How far can you go with a “possible” sequence and no transaction (aka SimpleDB)?

Question

How far can you go with a “possible” sequence and no transaction (aka SimpleDB)?

I really want to use SimpleDB, but I'm worried that without real locking and transactions, the whole system is deadly wrong. I understand that for high read / low write applications this makes sense as the system eventually becomes consistent, but what about the time between them? It seems that the correct query in inconsistent db will perpetuate the chaos across the entire database in a way that is very difficult to track. I hope I'm just worried ...

+6

sql database amazon-web-services amazon-simpledb

capotej Nov 29 '08 at 4:36

source share

2 answers

Assuming you say this SimpleDB , you are not worried; there are real reasons not to use it as a real-world DBMS.

The properties that you get from transaction support in a DBMS can be abbreviated as ACID: Atomicity, Consistency, Isolation, and Durability. A and D are mainly related to system failures, while C and I are related to regular work. They are everything that people completely take for granted when working with commercial databases, so if you are working with a database that does not have one or more of them, you may encounter any number of unpleasant surprises.

Atomicity . Any transaction will be fully or completely completed (i.e. will be either committed or terminated). This applies to individual statements (for example, "UPDATE Table ..."), as well as to longer and more complex transactions. If you don’t have this, then everything that goes wrong (for example, a full disk, a computer crash, etc.) may leave something halfway. In other words, you can never rely on the DBMS to really do what you are talking about, because any number of real problems can interfere, and even a simple UPDATE statement can be partially completed.
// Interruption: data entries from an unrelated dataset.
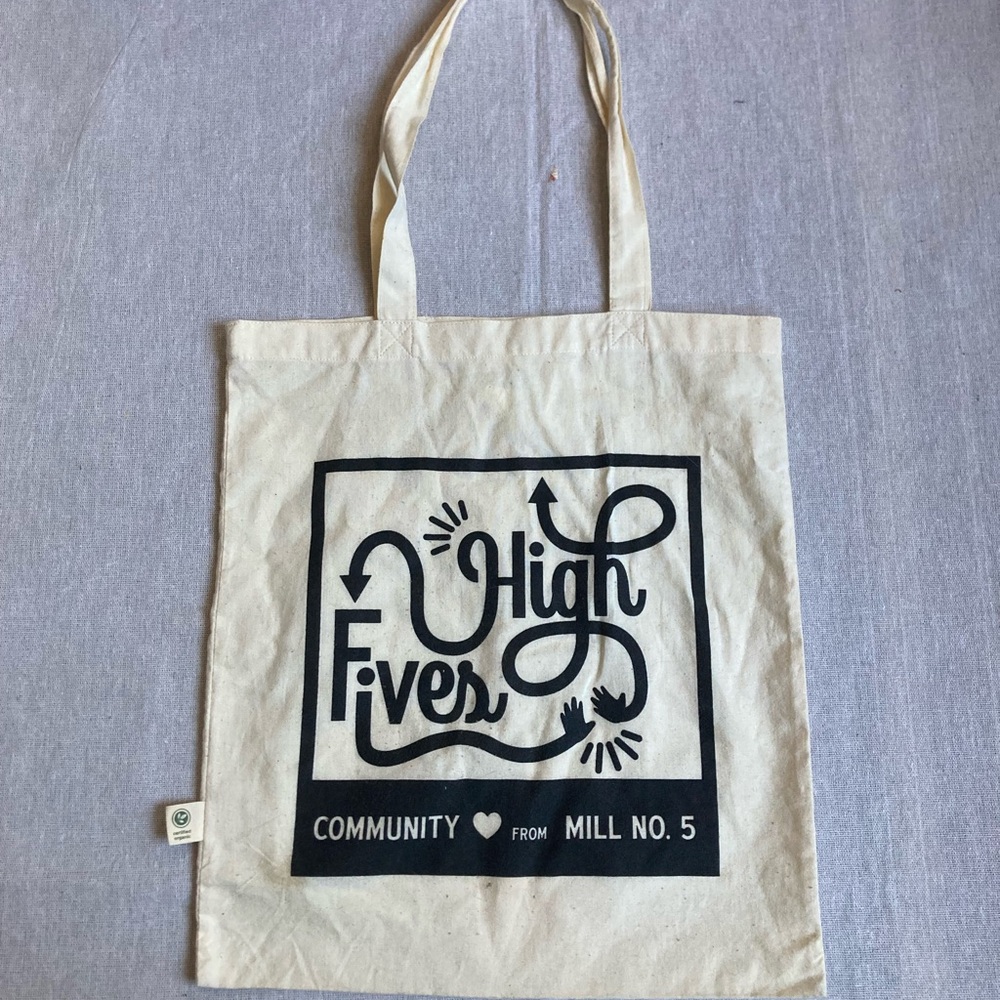 High Fives Cream Tote Bag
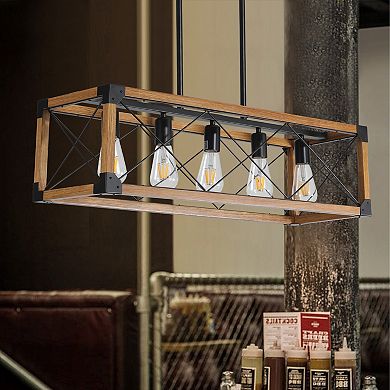 32" Walnut Industrial Farmhouse Rectangle Pendant Light, 5-Light Chandelier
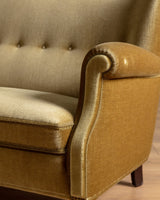Fritz Hansen Style Ochre Mohair Sofa, Denmark, 1960's - Lone Fox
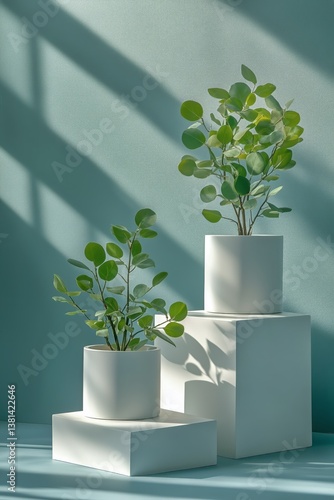 Green Plant on Minimalist White Blocks in Serene Light Setting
Consistency Any rules that you have configured for the database will always be respected. For example, if you have a rule that says that A is always equal to B, then nothing that anyone does with the database system can violate this rule - he will not be able to perform any operation. It's not that important if all your code is perfect ... but really, when is that? Plus, if you miss this security system, everything becomes really yucky when you lose ...

Isolation . Any actions performed in the database will be performed as if they were performed alternately (one at a time), even if in reality they occur simultaneously (alternate with each other). If more than one user gets into this database at the same time, and you don’t have them, then everything you can’t even think of will go wrong; even atomic applications can interact with each other in unforeseen ways and spin things.
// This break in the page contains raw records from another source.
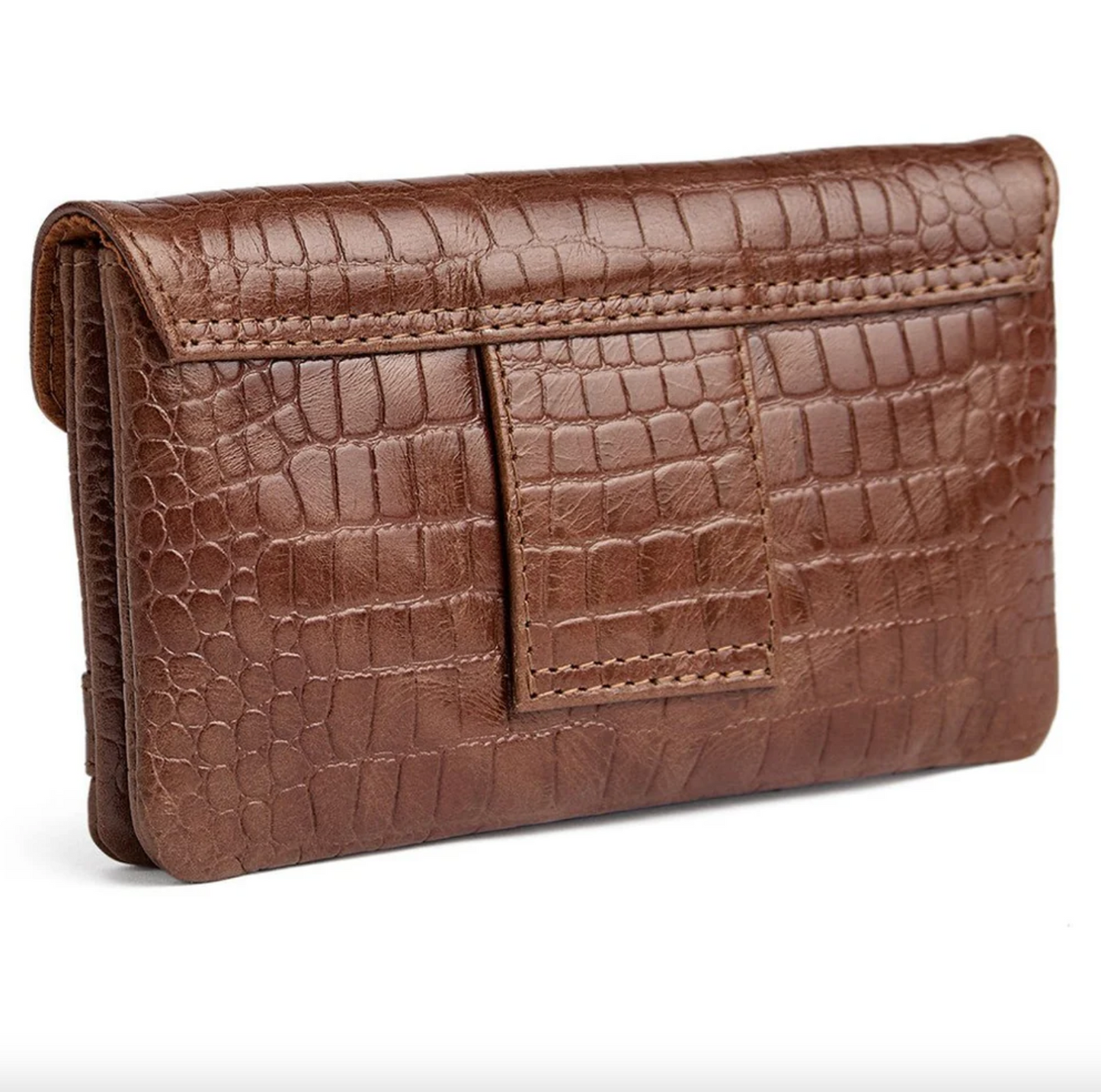 Plånbok krokodil i läder - Cognac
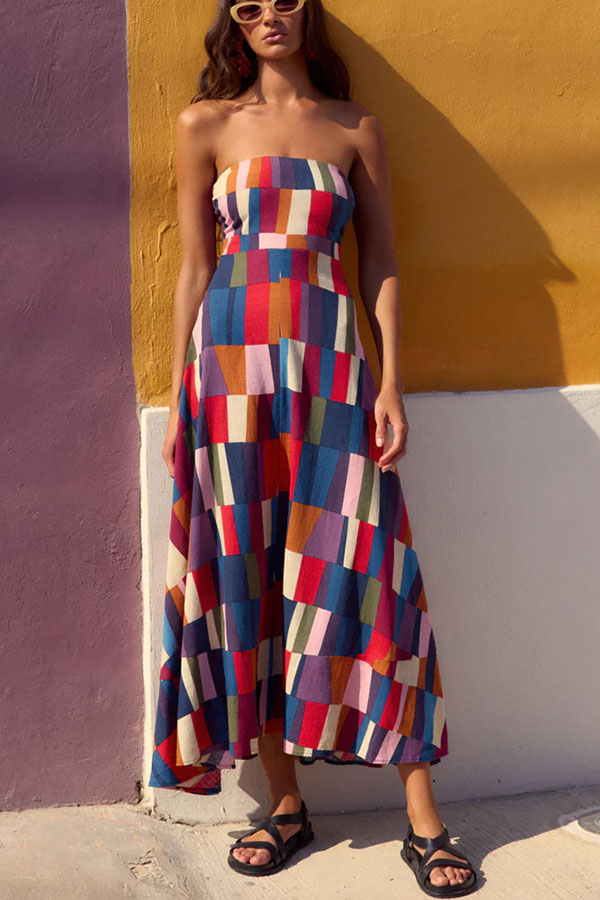 Retro Chic Linen Blend Colorful Color Block Strapless Back Smocked Midi Dress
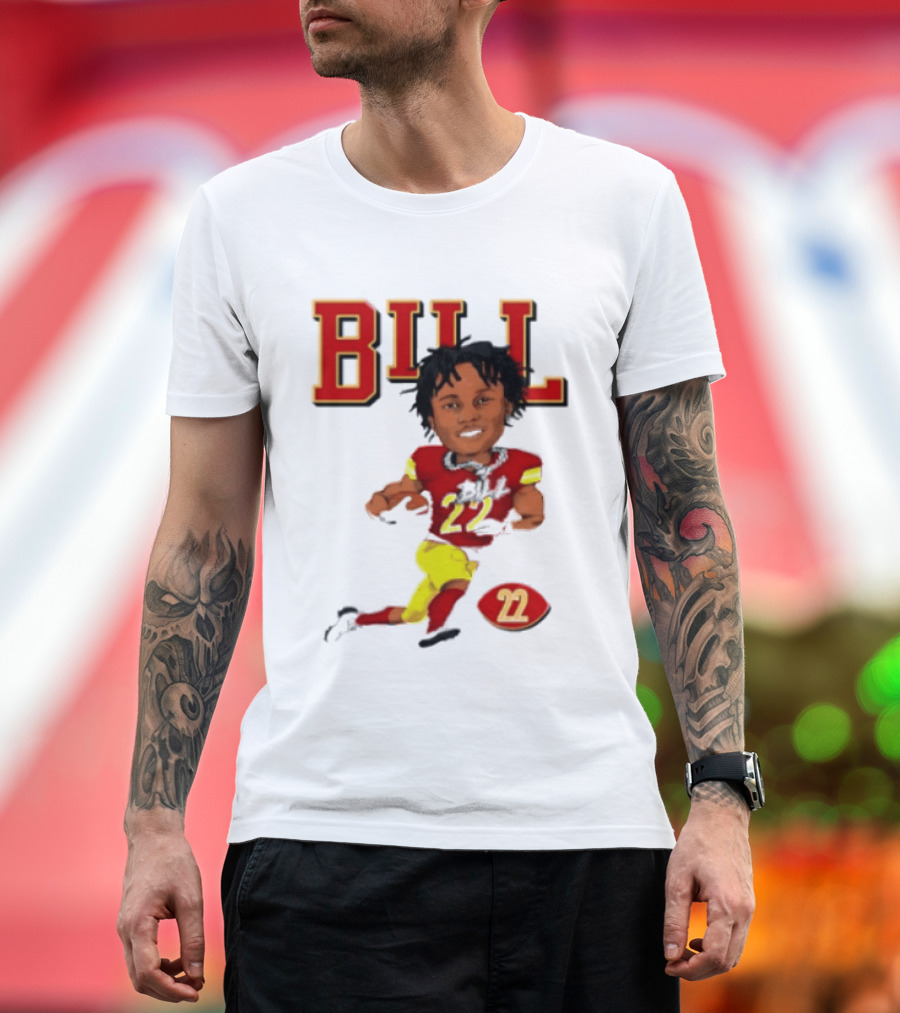 Original Bill 22 Washington Commanders Cartoon Football Player T-Shirt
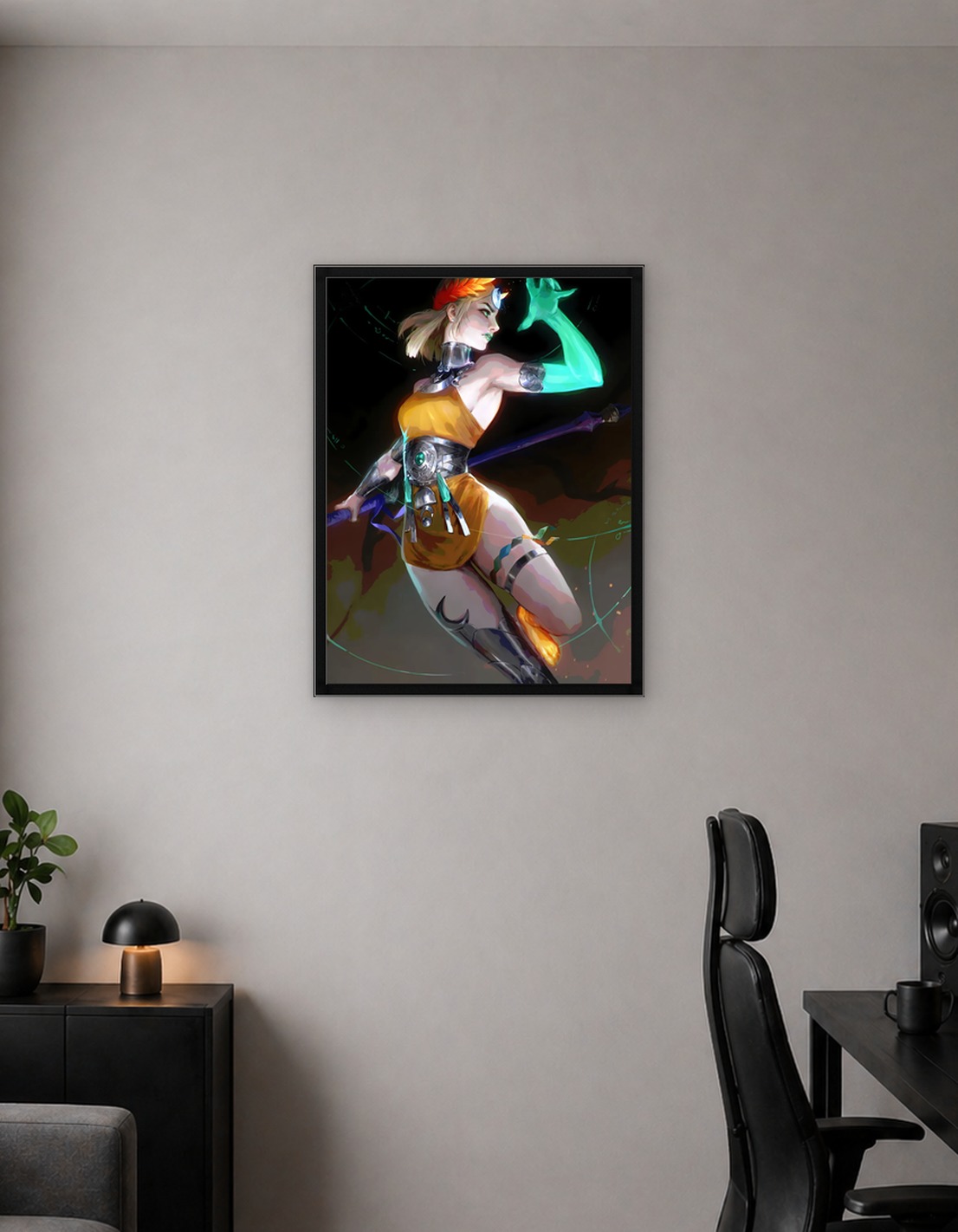 Goddess with Glowing Arm and Spear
Longevity . If you lose power or a software crash, what happens to the database transactions that were in progress? If you have strength, the answer is "nothing - they are all safe." Databases do this using something called Undo / Re-Log, where every little thing you do in the database is first registered (usually on a separate drive for security) so that you can restore the current state after failure. Without this, the other properties above seem useless, because you can never be 100% sure that after the crash the situation will remain consistent.

Is any of this important to you? The answer has everything related to the types of transactions that you do, and what guarantees you want in a failure situation. There may be cases (for example, a read-only database) where you do not need it, but as soon as you start to do something non-trivial and something bad, you will want them to be. Perhaps this is normal if you just go back to the backup anytime something unexpected happens, but I assume that it is not.

Also note that removing all of these protections does not make it so that your database will work better; in fact, it is probably the other way around. This is because real DBMS software also has tons of code to optimize query performance. Thus, if you are writing a query that combines 6 tables in SimpleDB, do not assume that it will find the best way to run this query - you can end the waiting time to complete it when a commercial DBMS can use an indexed hash connection and get it at 0 , 5 seconds. There are a million little tricks you can do to optimize query performance, and believe me, you really will miss them when they leave.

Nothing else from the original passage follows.